> I've updated all spkg's so that they now have an hg repo with the
> directory structure based on the one listed above. Comments and
> suggestions are welcomed. You can see them here:
> http://sage.math.washington.edu/home/dfdeshom/custom/spkg/

Fantastic!  The naming convention for spkgs that includes the .pn
post-fix where n labels the spkg version is probably not needed now.
My understanding is that label was loosely used as a sort of version
control.  I think simply having the hg repo for each solves that
problem.  Also, there doesn't seem to be any real consistent approach
for updating those numbers.  My though would be to get rid of them.

The other thing that I am not sure how to handle (part of this is my
lack of experience with hg) is the names of the directories
themselves, for example:

freetype-2.1.10.spkg

When freetype gets upgraded to 2.1.11, do we simply rename the
directory to freetype-2.1.11?  Will hg be happy with that?  Sorry, I
just don't know how hg treats directory renames.

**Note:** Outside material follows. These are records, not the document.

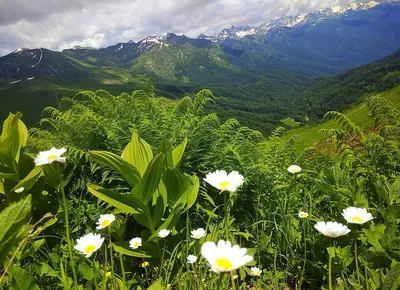 Фотоотчет Абхазия весна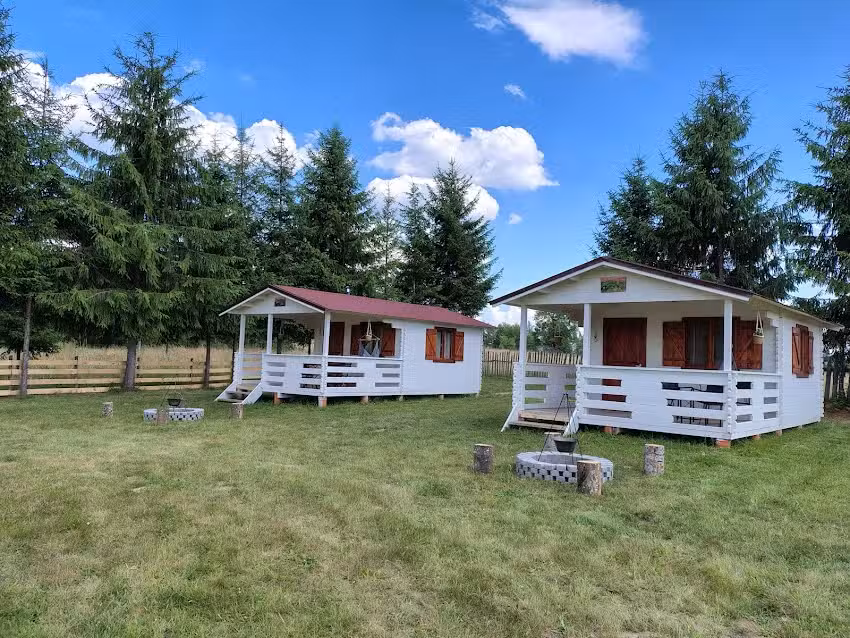 Сашок Табора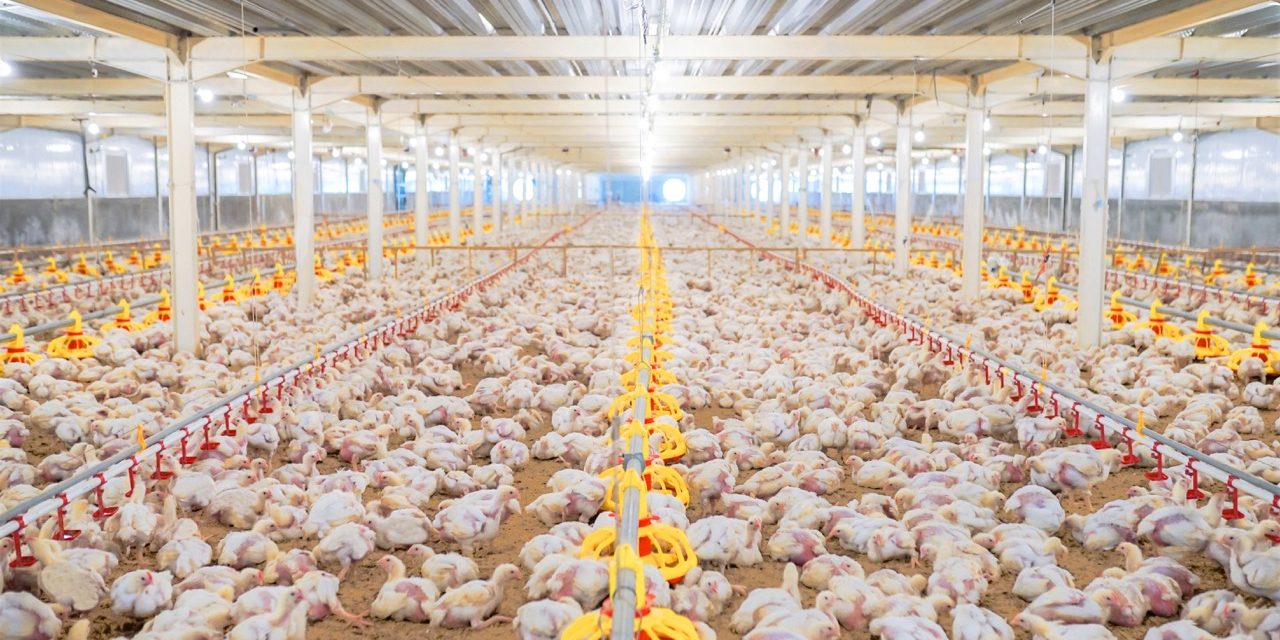 Usaha Ternak Ayam Broiler, Bisnis Yang Populer Di Indonesia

> One note: I would prefer that READMET.txt be kept as SAGE.txt (or
> renamed to something else) because then it would be clear that
> modifications were made to the spkg. I tend to ignore README.txt's
> anyway because they don't tell you why you should read them.

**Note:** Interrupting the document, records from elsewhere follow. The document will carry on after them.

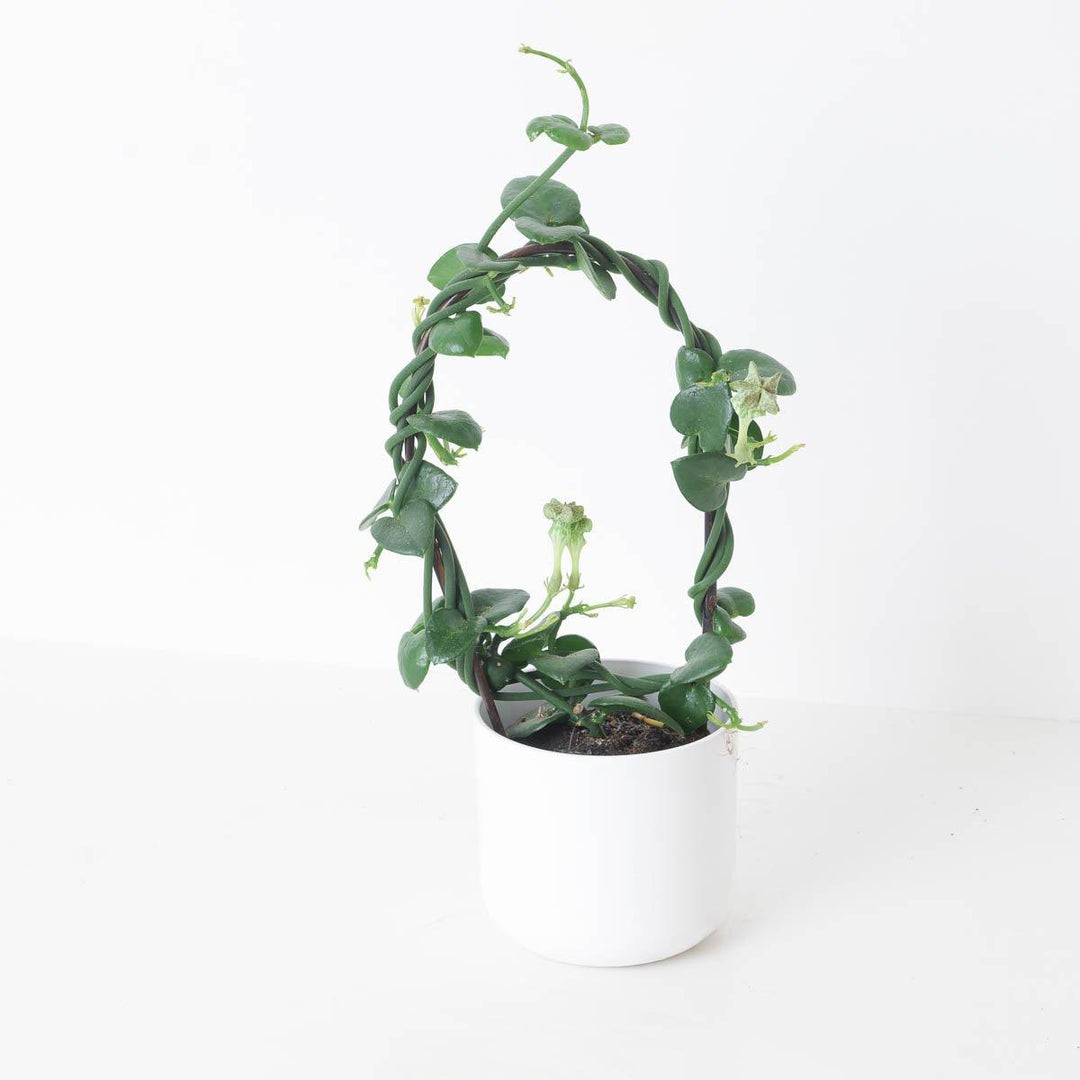 Ceropegia Sandersonii | Parachute Plant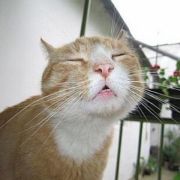 隔壁王2炮 头像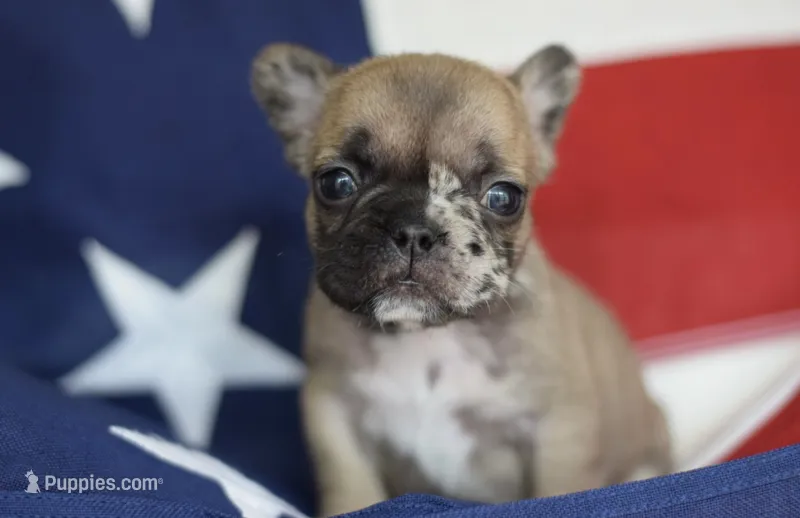 Judy – French Bulldog puppy for sale in Belleville, IL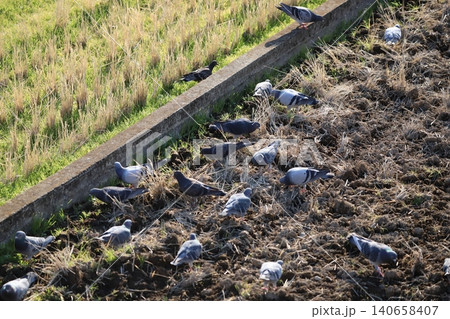 田んぼで餌を食べている鳩 140658407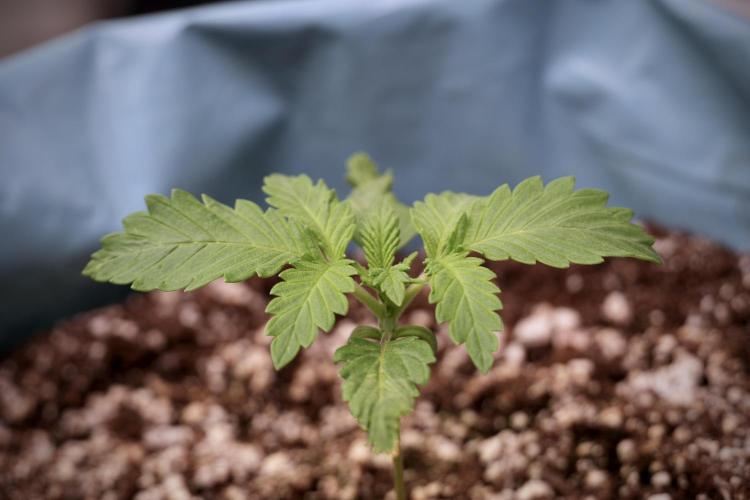 Skywalker OG Legends of the 12/12 Galaxy. Week 2 - Sky walker OG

I agree that README.txt is a little confusion, but because the spkgs
are being used outside of SAGE, I would name the file something that
emphasizes that it is really the readme for the spkg:

SPKG.txt
SPKG-README.txt

or something like that.  One of the things I have been working on (on
my private copies) is to decouple the spkg build system from the
details of sage itself.  This has mostly meant changing the name
"sage" to "spkg" in the context of the build system.

> On 6/1/07, Brian Granger <[EMAIL PROTECTED]> wrote:
> > 2.  The other scripts/makefiles involved in the spkg build process -
> > like newest_version, install, save-env, etc.
>
> sage-env is under version control, but the others aren't.

> >
> > 3.  The overall directory structure that contains the
> > scrips/makefiles.  The reason this is important is that most of the
> > scripts make strong assumptions about where they are run from.  Also,
> > as I have begun refactoring, some of the scripts have been moved
> > around (for instance newest_version has been moved to
> > base/spkg-newest-version).  Managing this without the associated
> > directory structure is a pain.
>
> Are you talking about the scripts in SAGE_ROOT/local/bin ? Because
> they are under version control (this is where sage-env lives too).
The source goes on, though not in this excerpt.